A force de s’entendre répéter que seuls les produits de saison valent la peine d’être dégustés, le consommateur soucieux d’offrir le meilleur à ses papilles s’habitue à la patience. Il s’interdit par exemple de commander une salade de tomate sur la terrasse ensoleillée bordant la piste de ski qu’il vient de quitter pour un repos bien mérité. Il croit ainsi éviter l’écueil principal du hors saison, aussi dangereux pour son palais que le hors-piste pour sa santé.

C’est sans compter sur la formidable inventivité de la recherche et la non moins formidable avidité de certains producteurs. Car après avoir cultivé la fameuse solanacée lambda hors sol, dans des bacs en plastique, nourrie au goutte-à-goutte à grand renfort de fertilisant, ces messieurs se sont récemment attaqués au lucratif marché des tomates anciennes, dont la fameuse coeur-de-boeuf.

Plus que jamais donc, le bon sens doit guider le gourmet: saisonnalité bien sûr, mais également provenance et type de culture. Contraignant, direz-vous? C’est le prix à payer pour la qualité et l’authenticité. Jean-Michel Duvin* joue ainsi pleinement la carte locale en privilégiant des tomates cultivées en pleine terre, à quelques kilomètres seulement de sa cuisine. Pas moins de douze variétés différentes entrent dans sa composition sobrement intitulée Tomates.

Un plat d’une rare minutie, les variétés étant travaillées une à une. Certaines conservent leur peau - telle la green zebra, dont les zébrures lui ont valu son nom -, alors que les autres en sont débarrassées. La coupe - cube, carpaccio, bille, tranche épaisse - détermine quand à elle le jeu des textures, tout comme l’éventuel traitement thermique (pétale séché ou confit). Un véritable travail… d’horloger, dont se régalent autant l’oeil que le palais!

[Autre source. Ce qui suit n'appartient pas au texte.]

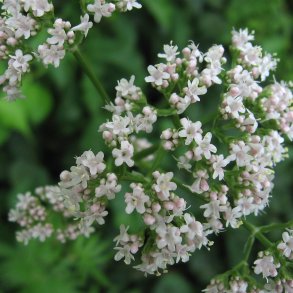 Lgebaldrian <br><i>Valeriana officinalis</i><br><br>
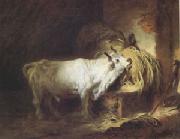 Jean Honore Fragonard The White Bull (mk05) oil painting picture wholesale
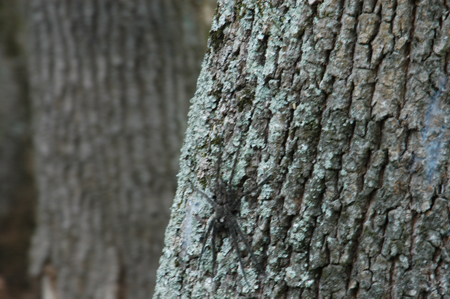 Eagle Lake Fishing Trip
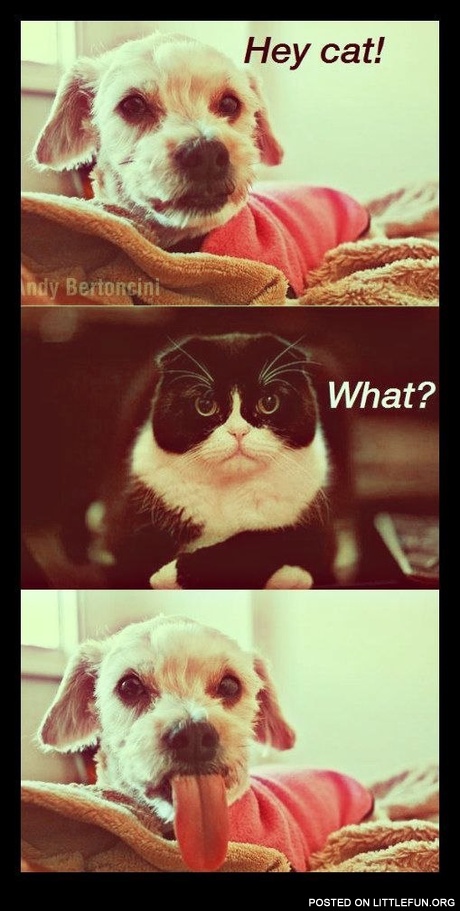 Hey, cat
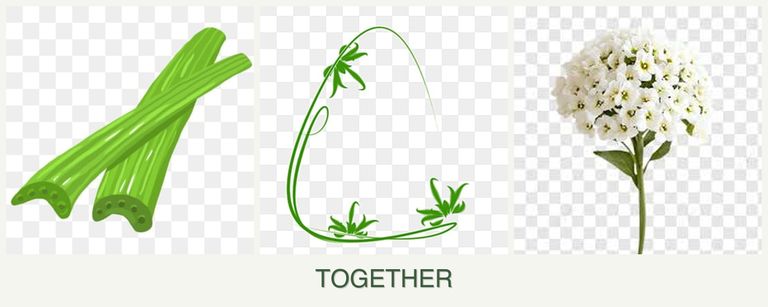 Can you plant celery, tarragon and alyssum together?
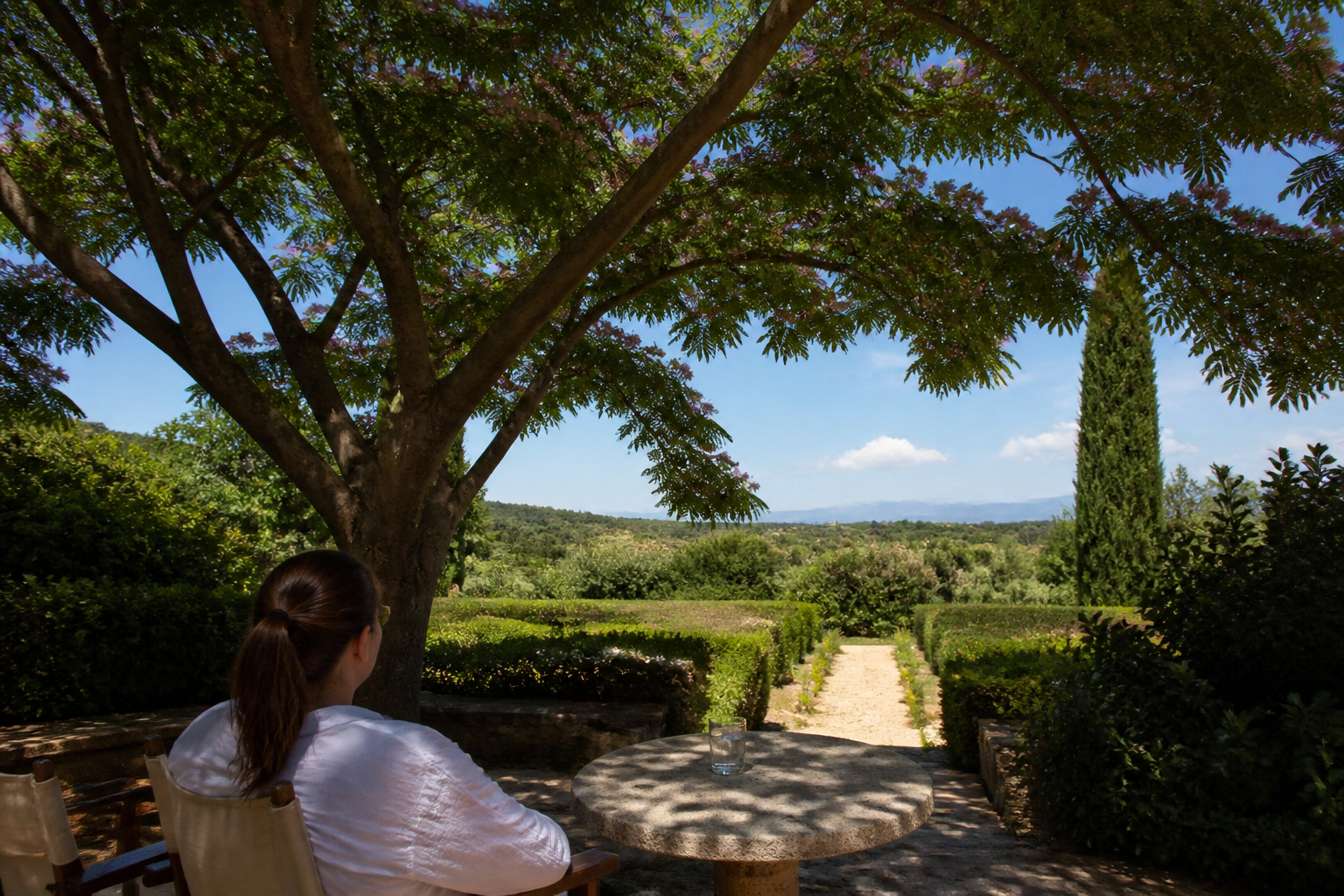 3 arbres qui rafraîchissent naturellement votre jardin : sans climatisation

Bonne fille, la tomate sait aussi procurer des plaisirs simples. En quartier, en rondelle - ne pas oublier de la débarrasser de l’eau qu’elle ne manquera pas de rendre une fois tranchée -, accompagnée d’une huile d’olive de qualité et de quelques cristaux de sel de Guérande, elle charme sans mal. Certains y ajouteront un trait de vinaigre de Jerez ou quelques feuilles de basilique. Histoire de goût. Au gourmet averti d’en faire suffisamment preuve au moment de la choisir. Garnir son panier à provisions de la fameuse pomme d’amour requiert en effet un minimum d’attention pour ne pas être en délicatesse avec ses papilles.